One of my more recent books on horsemanship is Handling the Equine Patient. I wrote it for veterinary students and for students of veterinary technology (the veterinary nursing profession).


Because I have seen so many students and, indeed young graduated practitioners, handling equine patients in a careless way. This is an invitation to injury, and, in fact, far too many such injuries occur. The insurance industry is well aware of the hazards, and their fees and policies reflect that awareness.

After all, the horse is a timid prey animal, which has survived fifty million years, while countless other species became extinct, long before humans appeared on earth to further such extinctions.

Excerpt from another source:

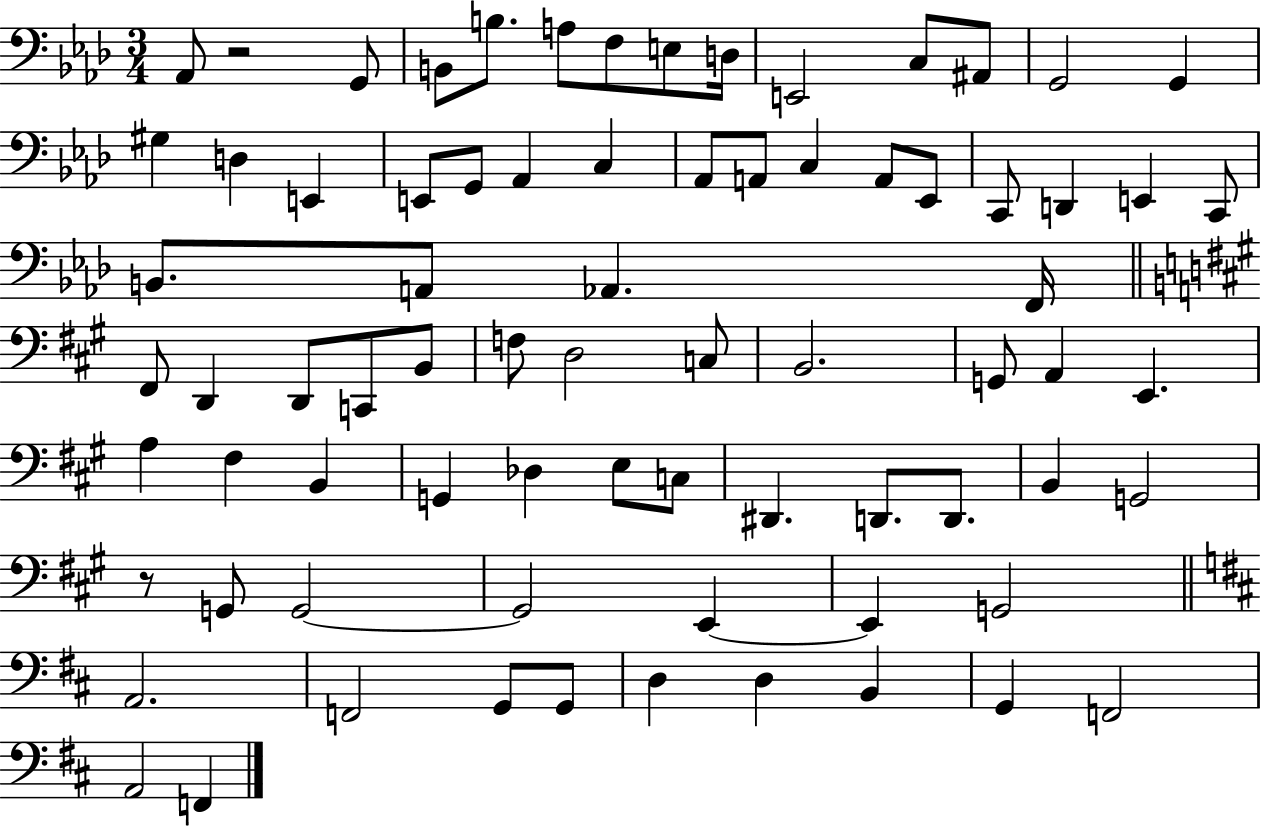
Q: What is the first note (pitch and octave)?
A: Ab2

Flight is the horse’s primary defense. If the horse feels that flight is not possible, perhaps because it is cornered, or haltered, or otherwise inhibited, then fight is the alternative. Because of its size and physical strength, its teeth, and its firm hooves, a fighting horse can seriously damage or kill a human being.

Moreover, everything the professional veterinary person does to a horse is alarming, often painful and at least uncomfortable.

So, I wrote the book to reduce the likelihood of injury to veterinary personnel. Keep in mind that their career choice was almost always made because of a deep love for their animal patients.

To my surprise, the book has become more popular with ordinary horse owners than it is with veterinary personnel.


I suppose it is because everyone who handles horses has to sometimes play the role of doctor or nurse. Horses need bandages changed, eye ointments, medications, temperatures taken, feet cleaned, sheaths cleaned, udders handled, limbs manipulated, sprays and lotions applied, tails wrapped, hair clipped and many other potentially frightening procedures.

Also, the veterinary or vet. tech. student, after years of schooling, often feels competent, even though the schools are often remiss about adequately teaching optimum methods of handling animal patients, especially horses.

I am grateful that a few such schools are using my handling book as a required textbook. More of them should. If that policy prevented only one of the frequent injuries that veterinary professionals suffer, it would justify the book.

Meanwhile, if you handle horses, including minor, routine medical procedures, this book will help you. That’s why I wrote it.